Estávamos nos anos 80, e o comboio tornava a minha escola muito procurada. Os professores vinham efectivar, ficavam dois ou três anos até conseguirem vaga mais próxima. De Coimbra ou de Lisboa, sem vontade de ver definhar a sua brilhante existência em vila de província.
Era chegarem, não raro atrasados, culpa do comboio, com justificação assinada pelo chefe de estação, aceite com a benevolência da direcção, que lhes retirava as faltas, “darem” as suas aulas, saírem à pressa, muitas vezes antes do toque, para apanharem o próximo comboio que os levava dali para fora, para a civilização onde podiam respirar de alívio e criticar pelos cafés a escola que era a sua, mas não sentiam como tal.
Isto quando a CP não estava em greve — maquinistas, ou pessoal de estação, ou revisores, ou outros, pouco importava. Não podiam vir à escola, falta de transporte.

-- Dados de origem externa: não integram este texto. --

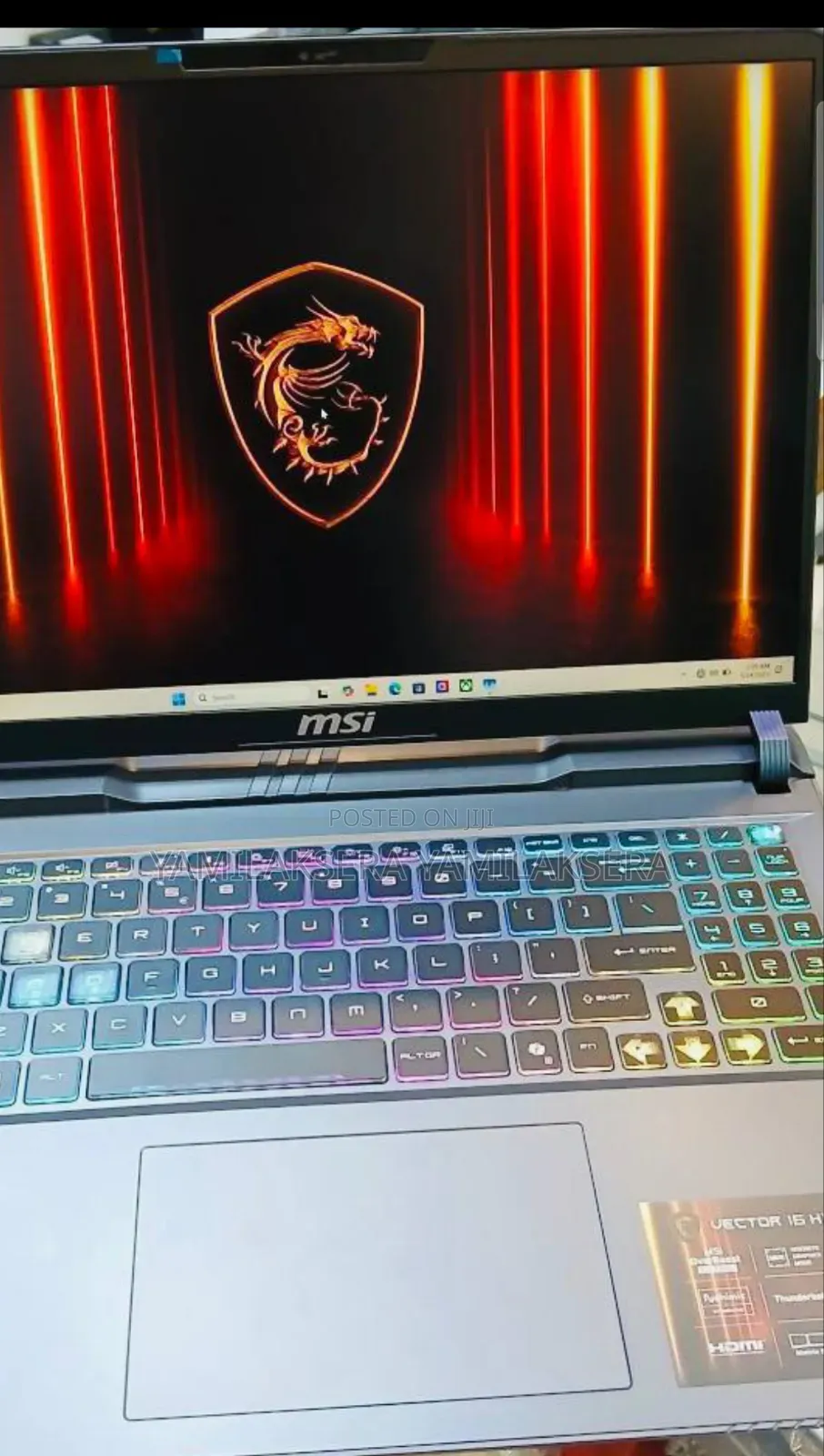New Laptop MSI Vector 16 HX AI A2XWIG 16GB Intel Core Ultra 7 SSD 1T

A nós outros, que vivíamos a escola como nossa, embora nenhum fosse natural da vila, só nos restava resmungar contra tal desapego, incomodados com a imagem que passava para fora, todos os professores metidos no mesmo saco.
Até porque alguns pareciam não ter compreendido a mudança que acarretava terem passado de alunos a professores.
Lembro-me, por exemplo, de um, guedelhas desgrenhadas, barba por fazer, a correr pela sala de professores, abrir a janela, gritar para um aluno que passava no átrio:
— É pá, chama-me esse gajo!
O aluno, estupefacto, olhava-o sem compreender.
E o meu colega, a ver que perdia a boleia para a estação:
— Depressa, chama-me esse gajo... Aquele professor que vai além...
Pois é, a degradação do estatuto social da profissão começou em nós, começou por nós.